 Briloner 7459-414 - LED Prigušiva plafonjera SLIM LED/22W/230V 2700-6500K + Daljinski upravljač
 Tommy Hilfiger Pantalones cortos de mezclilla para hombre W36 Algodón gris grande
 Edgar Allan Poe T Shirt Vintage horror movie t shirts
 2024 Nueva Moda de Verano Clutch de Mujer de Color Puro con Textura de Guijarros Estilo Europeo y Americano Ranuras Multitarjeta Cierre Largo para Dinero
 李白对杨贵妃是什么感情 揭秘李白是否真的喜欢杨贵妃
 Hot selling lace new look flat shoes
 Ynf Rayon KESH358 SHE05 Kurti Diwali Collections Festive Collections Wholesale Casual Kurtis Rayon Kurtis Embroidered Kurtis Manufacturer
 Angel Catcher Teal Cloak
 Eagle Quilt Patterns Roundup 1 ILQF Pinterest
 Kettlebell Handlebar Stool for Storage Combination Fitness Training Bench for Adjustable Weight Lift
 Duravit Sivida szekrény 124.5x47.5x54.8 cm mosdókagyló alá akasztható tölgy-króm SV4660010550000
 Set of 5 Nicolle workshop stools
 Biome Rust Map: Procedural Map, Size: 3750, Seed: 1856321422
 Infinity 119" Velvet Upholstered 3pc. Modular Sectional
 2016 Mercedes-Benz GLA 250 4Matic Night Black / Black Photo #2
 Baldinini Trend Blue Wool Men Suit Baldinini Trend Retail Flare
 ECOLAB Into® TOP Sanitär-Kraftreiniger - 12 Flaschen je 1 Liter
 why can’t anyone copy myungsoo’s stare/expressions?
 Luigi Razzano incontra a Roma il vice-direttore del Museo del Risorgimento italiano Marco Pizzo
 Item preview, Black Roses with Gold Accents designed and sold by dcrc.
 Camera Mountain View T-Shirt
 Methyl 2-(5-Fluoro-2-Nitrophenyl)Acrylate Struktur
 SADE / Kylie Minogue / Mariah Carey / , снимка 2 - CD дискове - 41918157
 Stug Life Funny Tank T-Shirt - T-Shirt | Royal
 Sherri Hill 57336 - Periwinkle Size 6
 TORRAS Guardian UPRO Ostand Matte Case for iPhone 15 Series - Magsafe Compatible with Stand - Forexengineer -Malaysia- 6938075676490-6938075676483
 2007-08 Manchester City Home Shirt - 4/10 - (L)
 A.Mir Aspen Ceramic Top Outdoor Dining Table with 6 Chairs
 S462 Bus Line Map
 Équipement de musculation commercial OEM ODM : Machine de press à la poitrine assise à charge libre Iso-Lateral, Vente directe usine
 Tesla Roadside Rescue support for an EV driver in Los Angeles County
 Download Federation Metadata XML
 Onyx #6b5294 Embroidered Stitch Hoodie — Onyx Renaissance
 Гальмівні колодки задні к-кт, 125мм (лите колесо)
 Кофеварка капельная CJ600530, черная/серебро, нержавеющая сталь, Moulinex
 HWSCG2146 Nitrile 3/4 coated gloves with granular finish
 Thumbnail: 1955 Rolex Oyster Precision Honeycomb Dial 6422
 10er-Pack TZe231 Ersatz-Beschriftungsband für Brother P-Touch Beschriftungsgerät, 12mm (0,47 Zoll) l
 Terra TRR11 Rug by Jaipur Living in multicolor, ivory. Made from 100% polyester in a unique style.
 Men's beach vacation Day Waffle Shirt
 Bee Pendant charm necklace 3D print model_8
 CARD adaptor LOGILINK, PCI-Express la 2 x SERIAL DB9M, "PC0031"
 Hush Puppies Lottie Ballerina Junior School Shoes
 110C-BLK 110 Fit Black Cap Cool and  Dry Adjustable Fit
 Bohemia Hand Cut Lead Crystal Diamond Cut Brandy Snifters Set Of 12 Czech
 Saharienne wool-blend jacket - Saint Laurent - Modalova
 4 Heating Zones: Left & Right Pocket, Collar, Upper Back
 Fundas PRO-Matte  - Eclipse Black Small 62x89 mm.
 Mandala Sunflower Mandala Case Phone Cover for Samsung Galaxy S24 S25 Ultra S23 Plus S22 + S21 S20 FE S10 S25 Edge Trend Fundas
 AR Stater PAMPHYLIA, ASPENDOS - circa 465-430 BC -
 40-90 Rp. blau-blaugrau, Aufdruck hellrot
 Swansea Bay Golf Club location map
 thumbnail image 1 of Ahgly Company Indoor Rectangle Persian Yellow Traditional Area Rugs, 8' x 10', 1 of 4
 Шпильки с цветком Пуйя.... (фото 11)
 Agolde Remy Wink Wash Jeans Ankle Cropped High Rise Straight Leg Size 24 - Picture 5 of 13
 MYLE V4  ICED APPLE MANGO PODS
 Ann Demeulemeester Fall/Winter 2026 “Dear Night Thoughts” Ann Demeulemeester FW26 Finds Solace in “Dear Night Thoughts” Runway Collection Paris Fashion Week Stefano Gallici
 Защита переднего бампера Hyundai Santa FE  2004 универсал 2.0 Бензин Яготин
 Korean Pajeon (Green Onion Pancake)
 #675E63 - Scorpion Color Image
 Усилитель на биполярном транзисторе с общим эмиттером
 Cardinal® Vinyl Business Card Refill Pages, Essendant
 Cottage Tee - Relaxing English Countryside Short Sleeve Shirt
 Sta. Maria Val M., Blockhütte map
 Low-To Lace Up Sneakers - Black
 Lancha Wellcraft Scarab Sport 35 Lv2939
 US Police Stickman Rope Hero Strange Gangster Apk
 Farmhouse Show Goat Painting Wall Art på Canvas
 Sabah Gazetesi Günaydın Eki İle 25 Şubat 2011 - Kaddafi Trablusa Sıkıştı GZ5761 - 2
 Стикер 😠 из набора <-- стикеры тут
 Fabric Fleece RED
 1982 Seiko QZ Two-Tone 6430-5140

-------------------------

=== Try it ===
Only one part of the material above is to be transcribed, namely the lines starting with the line that has "Men's beach vacation Day Waffle Shirt" and going on through the line that has "110C-BLK 110 Fit", exactly as they stand.

=== Task response ===
 Men's beach vacation Day Waffle Shirt
 Bee Pendant charm necklace 3D print model_8
 CARD adaptor LOGILINK, PCI-Express la 2 x SERIAL DB9M, "PC0031"
 Hush Puppies Lottie Ballerina Junior School Shoes
 110C-BLK 110 Fit Black Cap Cool and  Dry Adjustable Fit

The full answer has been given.